WHAT IS BEING ASKED:
Given the records below, would you repeat exactly the lines that begin at the one containing "Ciudad Rodrigo saca" and end at the one containing "GUC Vera Bradley Retired", inclusive?

Short web captions:
== == ==

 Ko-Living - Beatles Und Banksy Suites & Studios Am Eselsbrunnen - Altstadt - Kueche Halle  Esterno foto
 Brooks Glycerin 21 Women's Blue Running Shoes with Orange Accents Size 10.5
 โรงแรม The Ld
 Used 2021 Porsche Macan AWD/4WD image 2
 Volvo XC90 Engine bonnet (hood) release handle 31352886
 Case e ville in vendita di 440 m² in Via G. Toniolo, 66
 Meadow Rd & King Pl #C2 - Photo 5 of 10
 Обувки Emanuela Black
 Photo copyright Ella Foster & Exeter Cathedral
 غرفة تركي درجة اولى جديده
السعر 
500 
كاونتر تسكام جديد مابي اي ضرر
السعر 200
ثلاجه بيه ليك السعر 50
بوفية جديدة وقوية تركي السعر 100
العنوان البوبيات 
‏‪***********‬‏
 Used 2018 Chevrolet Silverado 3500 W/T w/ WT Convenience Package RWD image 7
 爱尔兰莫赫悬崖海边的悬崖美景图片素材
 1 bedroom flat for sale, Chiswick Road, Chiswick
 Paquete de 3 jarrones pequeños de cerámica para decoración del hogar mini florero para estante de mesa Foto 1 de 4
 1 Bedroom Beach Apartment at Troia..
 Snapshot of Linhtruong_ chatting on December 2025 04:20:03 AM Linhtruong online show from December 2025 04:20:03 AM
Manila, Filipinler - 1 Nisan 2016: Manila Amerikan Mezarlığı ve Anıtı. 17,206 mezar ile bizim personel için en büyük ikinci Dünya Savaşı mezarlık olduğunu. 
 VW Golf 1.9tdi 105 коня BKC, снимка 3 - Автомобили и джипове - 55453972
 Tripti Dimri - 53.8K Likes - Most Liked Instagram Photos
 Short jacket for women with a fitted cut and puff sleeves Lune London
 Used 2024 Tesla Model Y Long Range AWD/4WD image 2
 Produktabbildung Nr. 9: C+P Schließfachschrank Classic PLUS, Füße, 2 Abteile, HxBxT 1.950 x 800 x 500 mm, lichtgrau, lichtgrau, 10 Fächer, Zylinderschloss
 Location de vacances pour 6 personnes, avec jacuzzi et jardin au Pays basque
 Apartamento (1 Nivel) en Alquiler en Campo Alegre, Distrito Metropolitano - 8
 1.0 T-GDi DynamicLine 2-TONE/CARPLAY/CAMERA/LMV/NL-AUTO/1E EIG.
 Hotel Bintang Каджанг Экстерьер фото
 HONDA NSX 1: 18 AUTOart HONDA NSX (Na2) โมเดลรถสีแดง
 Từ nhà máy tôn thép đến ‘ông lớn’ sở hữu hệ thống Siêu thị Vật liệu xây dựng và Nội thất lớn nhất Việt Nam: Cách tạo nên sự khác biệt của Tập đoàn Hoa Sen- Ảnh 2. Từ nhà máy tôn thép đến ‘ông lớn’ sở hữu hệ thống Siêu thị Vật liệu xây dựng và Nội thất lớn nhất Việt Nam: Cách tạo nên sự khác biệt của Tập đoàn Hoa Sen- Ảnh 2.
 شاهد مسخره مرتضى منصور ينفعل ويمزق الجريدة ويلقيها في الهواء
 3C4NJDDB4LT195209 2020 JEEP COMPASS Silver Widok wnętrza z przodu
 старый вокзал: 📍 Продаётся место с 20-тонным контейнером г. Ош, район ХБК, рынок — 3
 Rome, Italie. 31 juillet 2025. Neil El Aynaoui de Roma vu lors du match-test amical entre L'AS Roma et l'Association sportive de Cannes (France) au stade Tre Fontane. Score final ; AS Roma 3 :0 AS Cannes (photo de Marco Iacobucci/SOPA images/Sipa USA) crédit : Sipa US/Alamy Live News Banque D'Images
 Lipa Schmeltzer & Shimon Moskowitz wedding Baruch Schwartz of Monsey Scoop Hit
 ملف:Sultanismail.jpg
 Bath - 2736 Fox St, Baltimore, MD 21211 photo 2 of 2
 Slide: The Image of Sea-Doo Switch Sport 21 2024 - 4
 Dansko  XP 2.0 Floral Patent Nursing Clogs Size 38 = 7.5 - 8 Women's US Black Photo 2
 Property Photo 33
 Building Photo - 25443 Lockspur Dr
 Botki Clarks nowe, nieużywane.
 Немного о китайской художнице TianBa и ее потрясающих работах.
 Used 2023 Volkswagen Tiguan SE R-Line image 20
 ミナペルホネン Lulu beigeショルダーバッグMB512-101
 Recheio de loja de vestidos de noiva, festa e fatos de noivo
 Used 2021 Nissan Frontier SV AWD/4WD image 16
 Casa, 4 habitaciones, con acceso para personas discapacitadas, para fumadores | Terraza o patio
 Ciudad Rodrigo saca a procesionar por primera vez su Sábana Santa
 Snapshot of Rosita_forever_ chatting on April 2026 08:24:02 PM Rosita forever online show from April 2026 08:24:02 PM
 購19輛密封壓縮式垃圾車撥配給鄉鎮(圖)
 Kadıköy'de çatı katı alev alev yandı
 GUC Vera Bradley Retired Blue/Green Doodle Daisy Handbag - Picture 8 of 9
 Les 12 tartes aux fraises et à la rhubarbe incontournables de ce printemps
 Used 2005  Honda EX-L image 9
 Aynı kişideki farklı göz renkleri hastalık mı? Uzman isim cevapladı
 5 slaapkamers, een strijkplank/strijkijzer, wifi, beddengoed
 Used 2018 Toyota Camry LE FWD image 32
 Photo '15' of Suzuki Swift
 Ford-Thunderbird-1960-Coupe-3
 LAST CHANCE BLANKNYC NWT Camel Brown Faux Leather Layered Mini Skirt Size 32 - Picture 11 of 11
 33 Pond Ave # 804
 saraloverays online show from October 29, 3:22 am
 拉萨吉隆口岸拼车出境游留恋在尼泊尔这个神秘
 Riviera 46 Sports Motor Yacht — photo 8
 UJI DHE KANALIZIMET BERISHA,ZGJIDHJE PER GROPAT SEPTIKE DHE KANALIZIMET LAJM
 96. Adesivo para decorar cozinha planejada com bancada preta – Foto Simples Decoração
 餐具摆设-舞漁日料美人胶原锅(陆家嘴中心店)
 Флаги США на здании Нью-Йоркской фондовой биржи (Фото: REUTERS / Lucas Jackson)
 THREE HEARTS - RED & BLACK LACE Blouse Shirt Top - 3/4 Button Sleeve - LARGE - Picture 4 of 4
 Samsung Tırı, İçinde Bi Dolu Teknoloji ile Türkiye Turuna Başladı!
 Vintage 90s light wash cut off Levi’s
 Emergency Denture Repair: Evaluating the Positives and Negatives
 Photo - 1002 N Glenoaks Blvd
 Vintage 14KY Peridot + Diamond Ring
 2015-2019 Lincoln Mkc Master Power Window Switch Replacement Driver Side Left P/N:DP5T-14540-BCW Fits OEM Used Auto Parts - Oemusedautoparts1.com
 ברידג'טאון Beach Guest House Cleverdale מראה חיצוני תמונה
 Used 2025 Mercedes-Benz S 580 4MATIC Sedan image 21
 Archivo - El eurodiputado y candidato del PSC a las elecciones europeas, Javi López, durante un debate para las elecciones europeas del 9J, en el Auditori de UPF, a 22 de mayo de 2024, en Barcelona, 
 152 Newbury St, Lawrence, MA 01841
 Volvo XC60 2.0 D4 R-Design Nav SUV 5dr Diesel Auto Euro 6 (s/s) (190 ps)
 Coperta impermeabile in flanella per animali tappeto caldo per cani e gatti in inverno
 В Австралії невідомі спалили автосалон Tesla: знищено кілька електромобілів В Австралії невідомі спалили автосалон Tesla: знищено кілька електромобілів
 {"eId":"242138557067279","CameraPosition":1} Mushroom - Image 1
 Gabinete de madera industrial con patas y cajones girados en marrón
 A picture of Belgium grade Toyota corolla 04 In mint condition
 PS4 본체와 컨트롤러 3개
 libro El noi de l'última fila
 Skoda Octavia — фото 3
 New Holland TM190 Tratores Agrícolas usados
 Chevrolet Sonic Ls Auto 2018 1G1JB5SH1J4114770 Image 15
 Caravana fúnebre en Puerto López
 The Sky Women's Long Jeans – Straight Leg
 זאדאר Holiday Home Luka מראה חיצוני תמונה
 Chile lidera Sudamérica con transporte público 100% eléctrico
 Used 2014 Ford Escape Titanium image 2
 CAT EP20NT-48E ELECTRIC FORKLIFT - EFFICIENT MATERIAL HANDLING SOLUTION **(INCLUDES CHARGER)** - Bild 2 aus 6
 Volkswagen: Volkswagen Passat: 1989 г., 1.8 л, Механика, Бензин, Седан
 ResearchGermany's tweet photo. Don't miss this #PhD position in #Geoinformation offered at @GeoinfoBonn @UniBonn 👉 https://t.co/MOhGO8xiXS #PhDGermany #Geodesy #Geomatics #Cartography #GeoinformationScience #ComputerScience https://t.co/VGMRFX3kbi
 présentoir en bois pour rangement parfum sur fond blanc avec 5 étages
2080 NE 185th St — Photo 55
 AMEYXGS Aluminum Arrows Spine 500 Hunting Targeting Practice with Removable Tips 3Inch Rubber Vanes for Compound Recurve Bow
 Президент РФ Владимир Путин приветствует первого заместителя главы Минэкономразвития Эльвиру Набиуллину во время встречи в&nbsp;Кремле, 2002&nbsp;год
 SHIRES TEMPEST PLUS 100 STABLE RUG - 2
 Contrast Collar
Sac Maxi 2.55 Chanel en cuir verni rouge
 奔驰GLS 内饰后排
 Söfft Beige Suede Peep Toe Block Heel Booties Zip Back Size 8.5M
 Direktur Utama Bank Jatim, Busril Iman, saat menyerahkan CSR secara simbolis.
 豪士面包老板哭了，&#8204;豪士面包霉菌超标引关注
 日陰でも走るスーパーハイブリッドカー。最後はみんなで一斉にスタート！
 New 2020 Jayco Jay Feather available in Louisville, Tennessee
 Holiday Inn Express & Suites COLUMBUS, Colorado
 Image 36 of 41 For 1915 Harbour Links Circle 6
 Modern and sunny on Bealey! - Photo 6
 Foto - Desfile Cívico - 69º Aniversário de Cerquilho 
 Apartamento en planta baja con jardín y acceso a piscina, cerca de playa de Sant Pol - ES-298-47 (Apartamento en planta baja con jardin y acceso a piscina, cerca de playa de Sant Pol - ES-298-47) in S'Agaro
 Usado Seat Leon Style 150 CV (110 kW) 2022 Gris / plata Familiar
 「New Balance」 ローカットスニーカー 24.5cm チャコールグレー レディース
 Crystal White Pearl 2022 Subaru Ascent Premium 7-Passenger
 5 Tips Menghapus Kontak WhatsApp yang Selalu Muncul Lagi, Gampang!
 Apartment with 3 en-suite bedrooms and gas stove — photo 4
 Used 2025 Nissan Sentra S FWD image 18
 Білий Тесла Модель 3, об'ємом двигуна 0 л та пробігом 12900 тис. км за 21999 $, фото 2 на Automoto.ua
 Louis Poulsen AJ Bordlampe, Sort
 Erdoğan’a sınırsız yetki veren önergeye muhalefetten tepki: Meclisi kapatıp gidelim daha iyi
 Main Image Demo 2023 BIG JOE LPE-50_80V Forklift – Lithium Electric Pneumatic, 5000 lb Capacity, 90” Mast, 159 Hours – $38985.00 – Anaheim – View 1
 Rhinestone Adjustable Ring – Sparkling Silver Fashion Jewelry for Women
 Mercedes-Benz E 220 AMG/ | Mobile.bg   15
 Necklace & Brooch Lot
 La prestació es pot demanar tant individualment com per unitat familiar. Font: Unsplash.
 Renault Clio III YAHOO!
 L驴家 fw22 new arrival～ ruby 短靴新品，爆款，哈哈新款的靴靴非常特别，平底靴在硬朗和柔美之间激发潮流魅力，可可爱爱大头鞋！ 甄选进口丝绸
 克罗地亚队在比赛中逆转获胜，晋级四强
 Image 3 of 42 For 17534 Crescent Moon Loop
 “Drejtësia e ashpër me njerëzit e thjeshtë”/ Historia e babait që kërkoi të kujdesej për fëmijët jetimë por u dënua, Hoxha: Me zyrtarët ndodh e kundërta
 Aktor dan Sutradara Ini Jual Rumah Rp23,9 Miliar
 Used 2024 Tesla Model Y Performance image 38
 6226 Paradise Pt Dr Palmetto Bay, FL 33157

== == ==

WORKED SOLUTION:
 Ciudad Rodrigo saca a procesionar por primera vez su Sábana Santa
 Snapshot of Rosita_forever_ chatting on April 2026 08:24:02 PM Rosita forever online show from April 2026 08:24:02 PM
 購19輛密封壓縮式垃圾車撥配給鄉鎮(圖)
 Kadıköy'de çatı katı alev alev yandı
 GUC Vera Bradley Retired Blue/Green Doodle Daisy Handbag - Picture 8 of 9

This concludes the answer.